START Input for this task

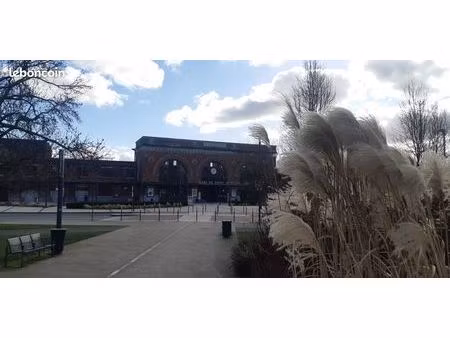 studette proche gare saint quentin -aisne 02100
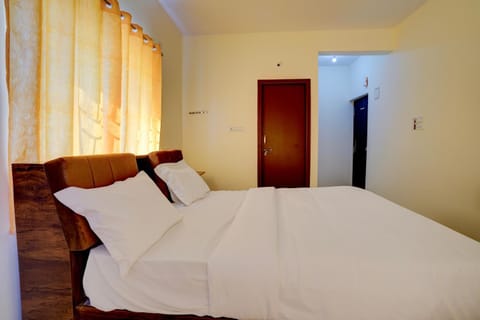 OYO PRANITH SKY ROOMS Hotel in Bengaluru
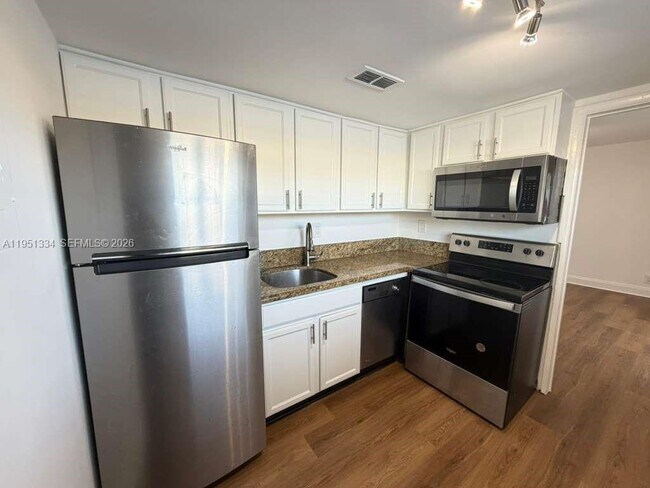 Building Photo - 1361 NE 40th Pl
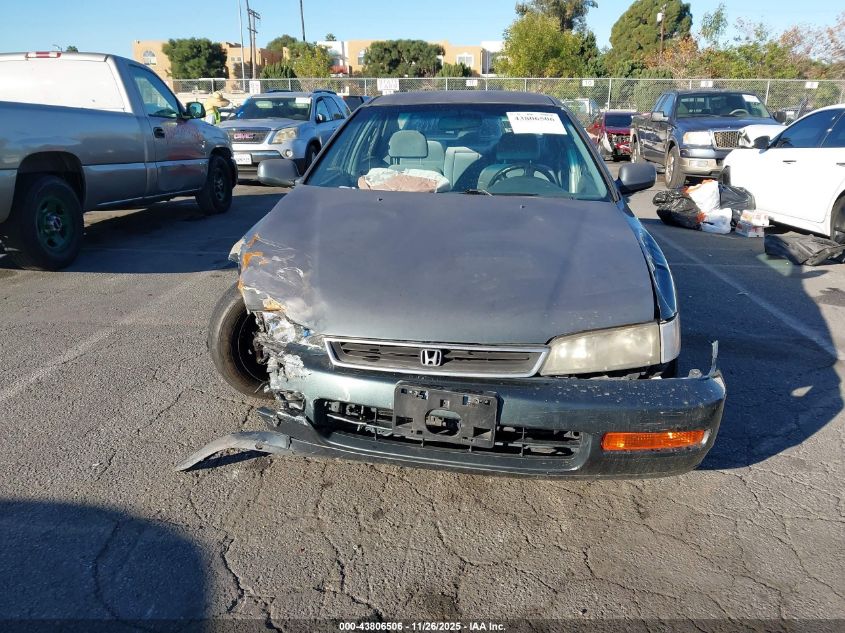 1997 Honda Accord Lx VIN: 1HGCD5639VA065612 Lot: 43806506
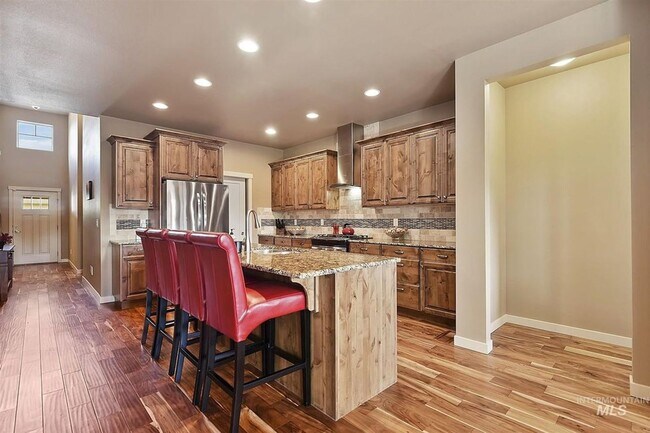 Foto del edificio - Pet Friendly Home Near The Foothills!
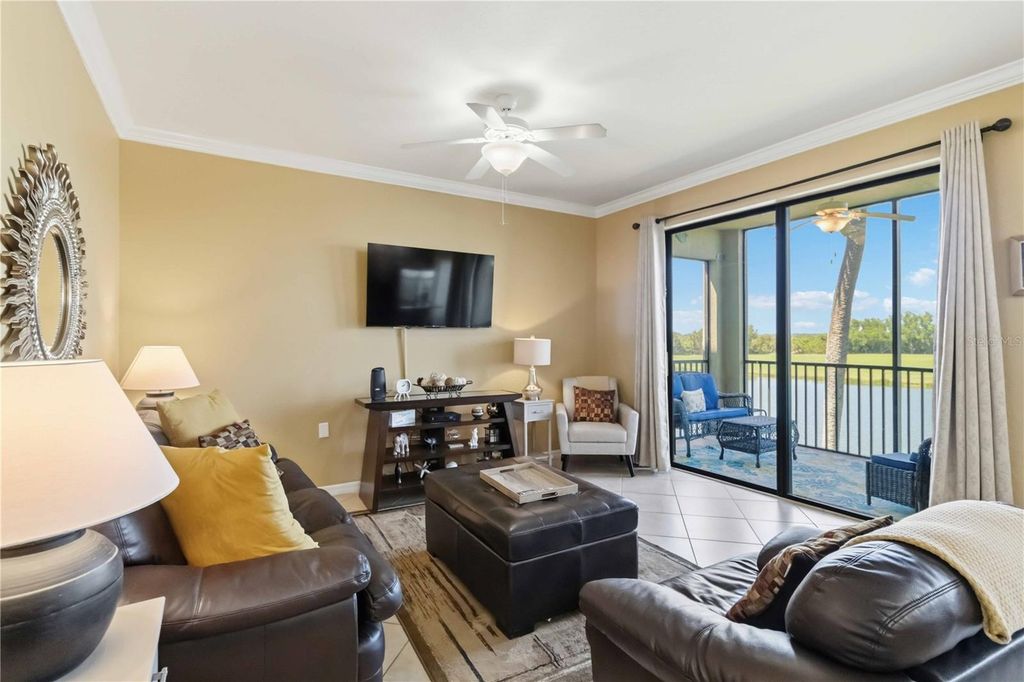 Image 4 of property listing at 7019 RIVER HAMMOCK DRIVE 202, Bradenton, FL 34212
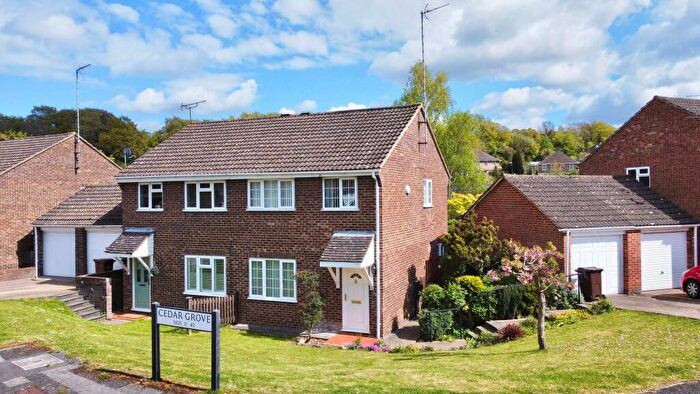 3 Bedroom Semi Detached House For Sale In Cedar Grove, Hempstead, ME7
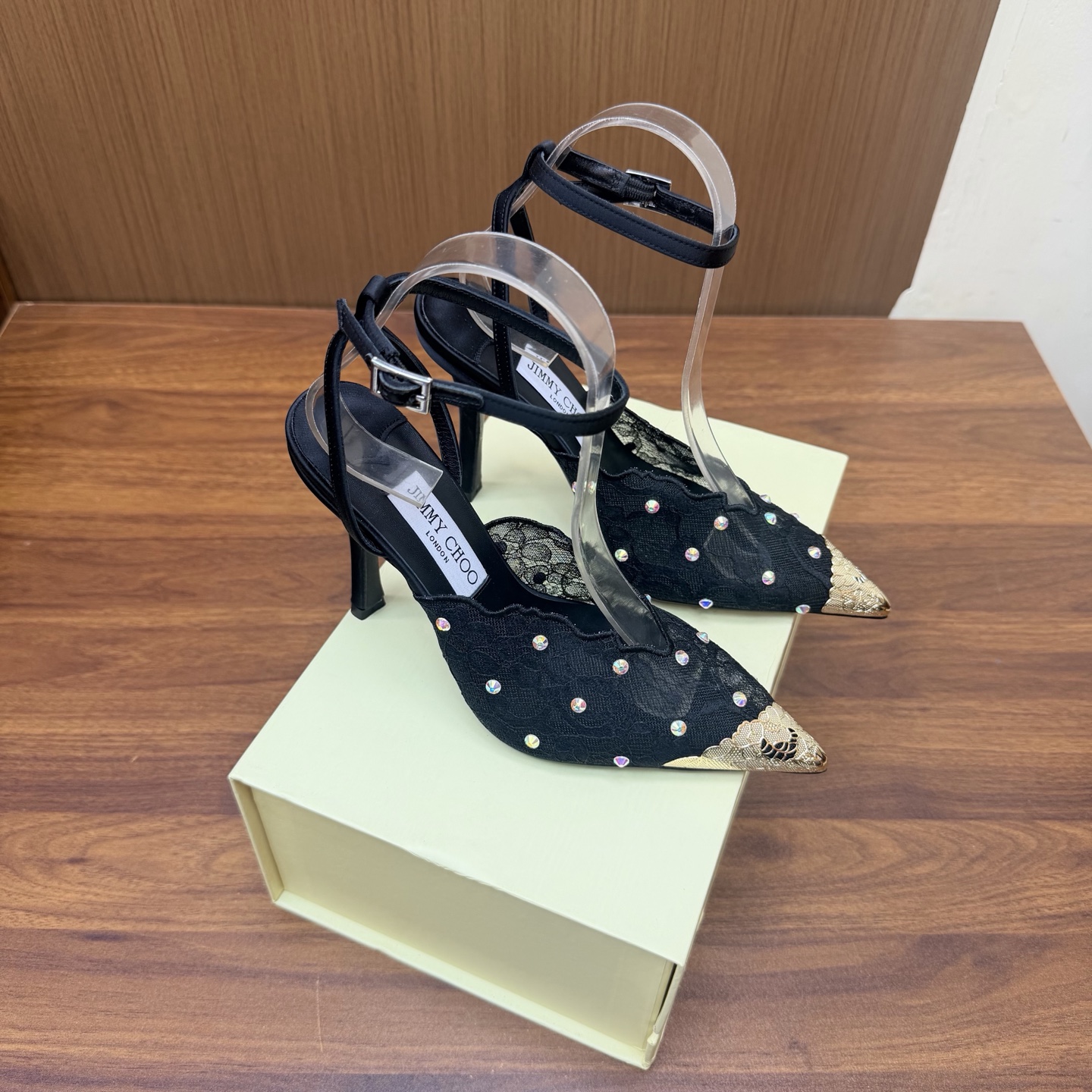 NO:931242,2026SSJIMMY CHOO evening high-heeled sandals/shoes ——————————Top version Australian pointed toe round toe series, simply beautiful. Fall in love with elegance, fall in love with the playful sense of the future, just take a look and want to own it immediately, but a pair of exquisite high heels is really something to think about~ The series is specially designed for extraordinary and indifferent ladies, thus creating a unique overall effect. Jimmy Choo designs products that inspire women to move forward and highlight their charm.  1 Fabric: Lace perm 2 Lining Sheepskin lining Super soft and delicate 3 Outsole Imported Italian raw color cowhide sole 4 Size 35 to 39 (40, 41.42 customized) 5 Heel height 10.5cm, high heels sandals, jimmy choo, sandals, high heels, cowhide, sheepskin198609092026SSJIMMY CHOO 晚宴高跟凉鞋/单鞋 ——————————顶级版本 澳大利亚尖头 圆头系列、简直是美上天了,爱上优雅、爱上俏皮的未来感,光看一眼便想马上拥有,但一双精致的高跟鞋确是可以想想滴～ 系列专为超凡绝伦、无所谓的女士而设计,从而打造出别致的整体效果,Jimmy Choo 设计出激发女性一往无前的产品彰显魅力 1面料:蕾丝烫钻 2内里 羊皮内里 超级柔软细腻 3大底 进口意大利原色牛皮底 4码数 35一39 (40、41.42 定制) 5跟高 10.5cm,高跟鞋凉鞋,jimmy choo,sandals,high heels,cowhide,sheepskin,Women's Shoes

END Input for this task

◆ Instructions to follow
Your copy should hold each line above exactly and no pictures at all.

◆ Answer for this exercise
 studette proche gare saint quentin -aisne 02100
 OYO PRANITH SKY ROOMS Hotel in Bengaluru
 Building Photo - 1361 NE 40th Pl
 1997 Honda Accord Lx VIN: 1HGCD5639VA065612 Lot: 43806506
 Foto del edificio - Pet Friendly Home Near The Foothills!
 Image 4 of property listing at 7019 RIVER HAMMOCK DRIVE 202, Bradenton, FL 34212
 3 Bedroom Semi Detached House For Sale In Cedar Grove, Hempstead, ME7
 NO:931242,2026SSJIMMY CHOO evening high-heeled sandals/shoes ——————————Top version Australian pointed toe round toe series, simply beautiful. Fall in love with elegance, fall in love with the playful sense of the future, just take a look and want to own it immediately, but a pair of exquisite high heels is really something to think about~ The series is specially designed for extraordinary and indifferent ladies, thus creating a unique overall effect. Jimmy Choo designs products that inspire women to move forward and highlight their charm.  1 Fabric: Lace perm 2 Lining Sheepskin lining Super soft and delicate 3 Outsole Imported Italian raw color cowhide sole 4 Size 35 to 39 (40, 41.42 customized) 5 Heel height 10.5cm, high heels sandals, jimmy choo, sandals, high heels, cowhide, sheepskin198609092026SSJIMMY CHOO 晚宴高跟凉鞋/单鞋 ——————————顶级版本 澳大利亚尖头 圆头系列、简直是美上天了,爱上优雅、爱上俏皮的未来感,光看一眼便想马上拥有,但一双精致的高跟鞋确是可以想想滴～ 系列专为超凡绝伦、无所谓的女士而设计,从而打造出别致的整体效果,Jimmy Choo 设计出激发女性一往无前的产品彰显魅力 1面料:蕾丝烫钻 2内里 羊皮内里 超级柔软细腻 3大底 进口意大利原色牛皮底 4码数 35一39 (40、41.42 定制) 5跟高 10.5cm,高跟鞋凉鞋,jimmy choo,sandals,high heels,cowhide,sheepskin,Women's Shoes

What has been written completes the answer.